:: Task brief ::
Every line of the records below from the line with "YSTELLAA Coprisedie Con" up to and including the line with "MLW49-93-7262 image(0) - Milwaukee" must be reproduced exactly, and no line outside that range.

:: Data for this task ::
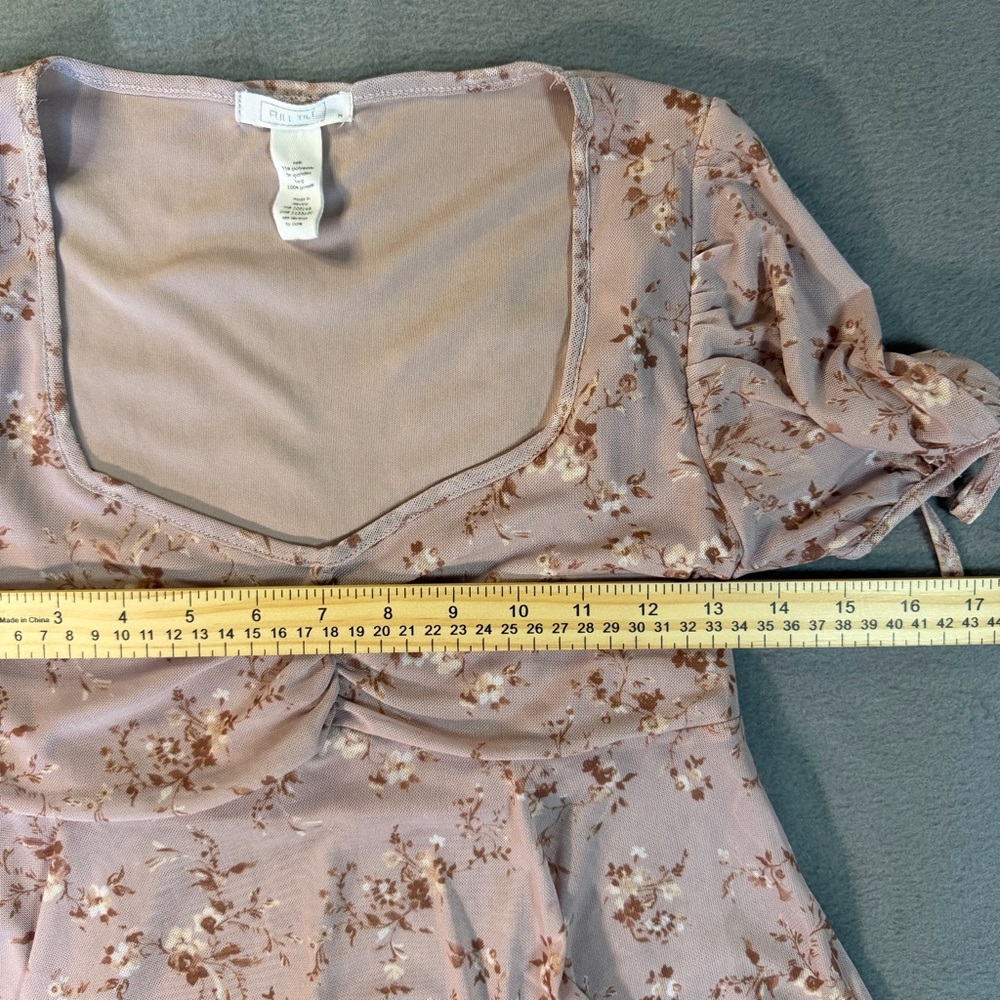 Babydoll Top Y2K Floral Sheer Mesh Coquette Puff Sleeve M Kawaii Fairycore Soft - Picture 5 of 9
==
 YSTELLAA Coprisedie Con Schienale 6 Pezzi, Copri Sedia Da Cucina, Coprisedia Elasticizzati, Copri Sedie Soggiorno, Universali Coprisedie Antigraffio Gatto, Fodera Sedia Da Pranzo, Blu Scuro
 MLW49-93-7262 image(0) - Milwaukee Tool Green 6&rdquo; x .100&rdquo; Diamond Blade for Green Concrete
--
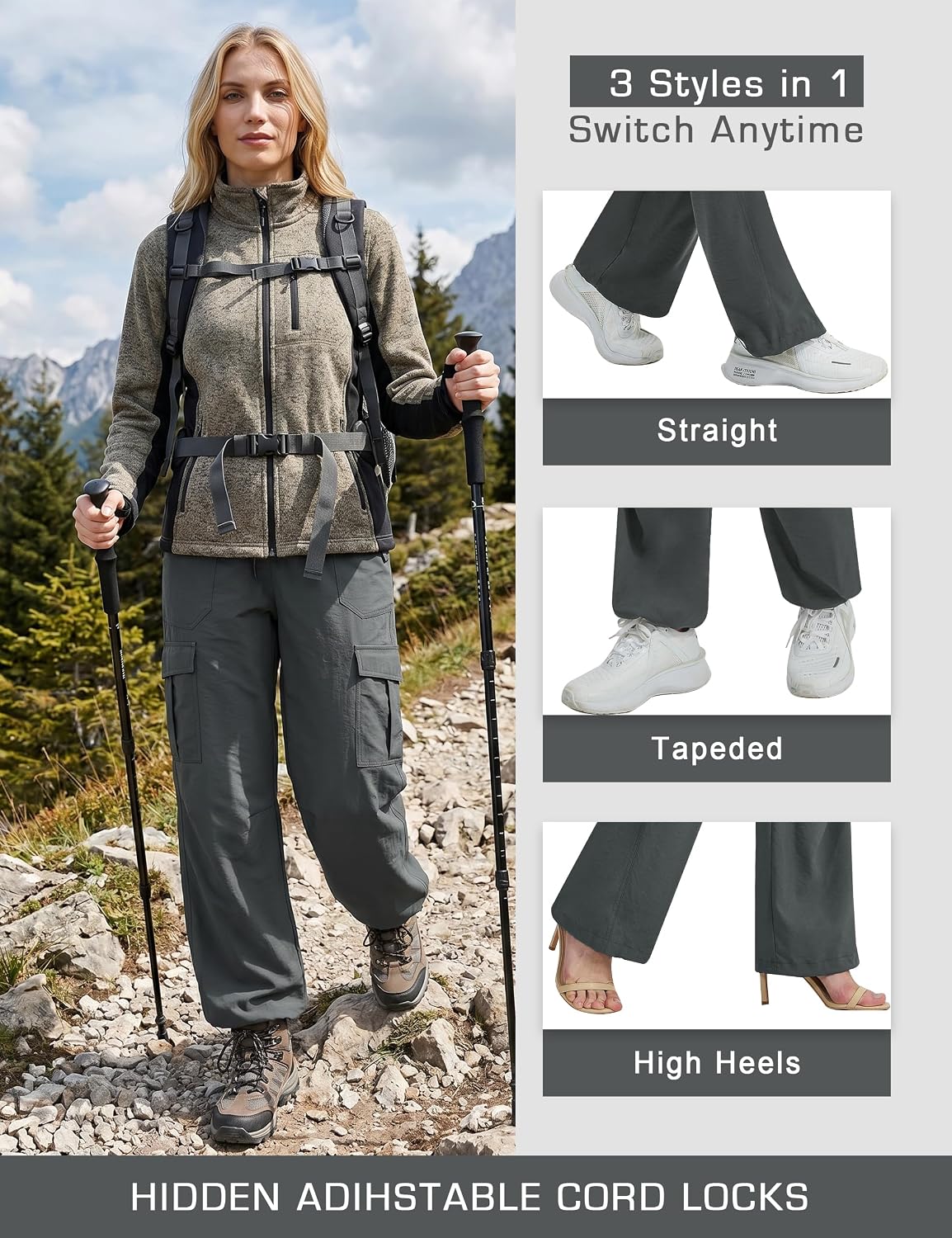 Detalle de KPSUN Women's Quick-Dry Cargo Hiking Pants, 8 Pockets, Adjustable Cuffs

:: Solution to the problem ::
 YSTELLAA Coprisedie Con Schienale 6 Pezzi, Copri Sedia Da Cucina, Coprisedia Elasticizzati, Copri Sedie Soggiorno, Universali Coprisedie Antigraffio Gatto, Fodera Sedia Da Pranzo, Blu Scuro
 MLW49-93-7262 image(0) - Milwaukee Tool Green 6&rdquo; x .100&rdquo; Diamond Blade for Green Concrete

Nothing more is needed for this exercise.